If your array is md0 then echo "idle" > /sys/block/md0/md/sync_action

'idle' will stop an active resync/recovery etc. There is no guarantee that another resync/recovery may not be automatically started again, though some event will be needed to trigger this.

http://www.mjmwired.net/kernel/Documentation/md.txt#477

Mark Wagner
  • 17,764
  • 2
  • 30
  • 47
  • I could update the textfile after changing its permissions, but the content of the file is changed back to "resync" from behind in the same instance. And the resync continues at the other array (which was formerly "pending"). When I write "idle" to the other array's file it swaps again, but never stops. – Adam5 Dec 27 '10 at 22:15
  • 2
    If you have multiple raids: echo idle | sudo tee /sys/block/md*/md/sync_action – Ole Tange Jun 03 '13 at 12:38
  • Actually "idle" only pauses the check. The next "check" would continue at `/sys/block/md0/md/sync_min’. To reset this write `0` to this file. – rudimeier Dec 21 '17 at 22:36
  • 1
    This is great if you want to resync some other md array which shares some physical disk, and you have the new array stuck in the DELAYED status. Once the new array finishes resyncing, the original one _should_ automatically start resyncing again (it **actually** does that on Debian 6, kernel 2.6.32) – gog Jan 15 '20 at 10:15
  • Does it reset to the normal behaviour at the next restart? – Sandburg Apr 23 '20 at 11:38
41

I wanted to slow down or pause the resync process to save some I/O to backup some stuff on another computer. This thread helped me but I found another solution.

On my Debian Lenny :

  • echo "idle" > /sys/block/md0/md/sync_action works but the resync process is immediately restarted.

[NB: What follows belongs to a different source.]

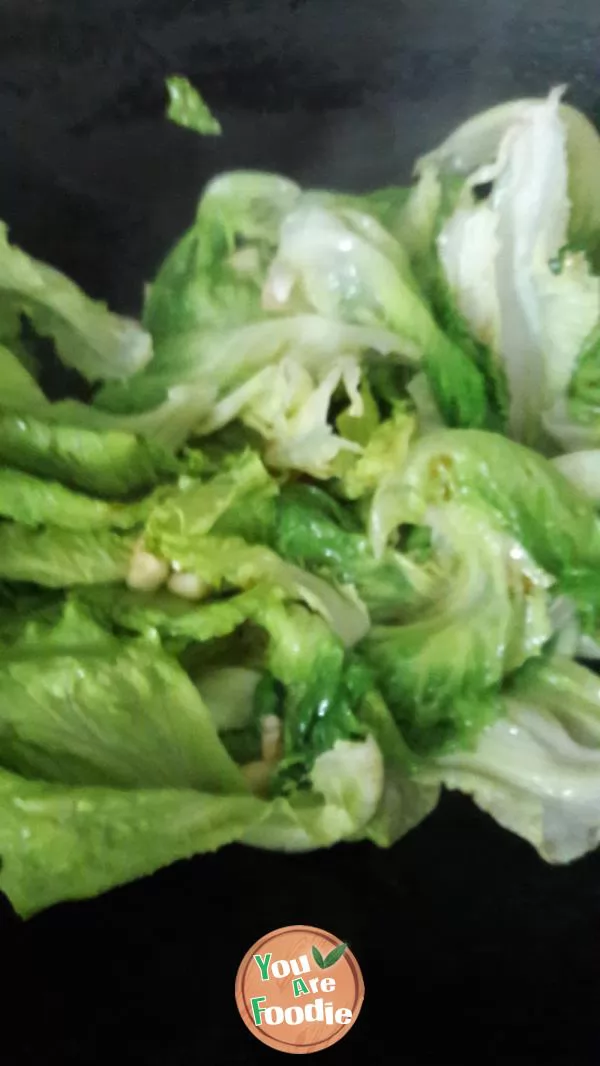 Sauteed Lettuce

  • checkarray -x --all : works, but same result: the resync process is immediately restarted.

So I use this method: echo 0 > /proc/sys/dev/raid/speed_limit_max

small
  • 511
  • 4
  • 2
  • 1
    Interesting approach. I found that you also need to throttle down the value in speed_limit_min. – Diomidis Spinellis Dec 31 '13 at 15:05
  • 1
    I also needed to set `speed_limit_min` to 0 to totally pause the resync. – njahnke Dec 17 '14 at 15:45
  • If md device is immediately syncing again after you echo `idle` to `sync_action`, the raid is not clean and you need to sync it in any case. Setting the `speed_limit_min` and `speed_limit_max` is the correct way forward in that case. In my experience, the `speed_limit_max` is actually too low and resync takes much longer than actually needed. – Mikko Rantalainen Jul 07 '21 at 11:38
  • according to my tests `echo [value] > /proc/sys/dev/raid/speed_limit_max` does only affect the resync but not the normal operation (as written by s.o. below). so if your raid ist stalling because of the rebuild like it did for me simply set the speed limits to a low value like e.g. 1000 which supposedly are kilobytes i r ead somewhere. – ede-duply.net Aug 18 '21 at 10:34
25

You can cancel an array resync in progress using the following sequence of commands (as root):

echo frozen > /sys/block/md0/md/sync_action
echo none > /sys/block/md0/md/resync_start
echo idle > /sys/block/md0/md/sync_action

Note that this may leave your array in an inconsistent state. Don't do this unless you're sure the array is in good shape, and rerun the sync later.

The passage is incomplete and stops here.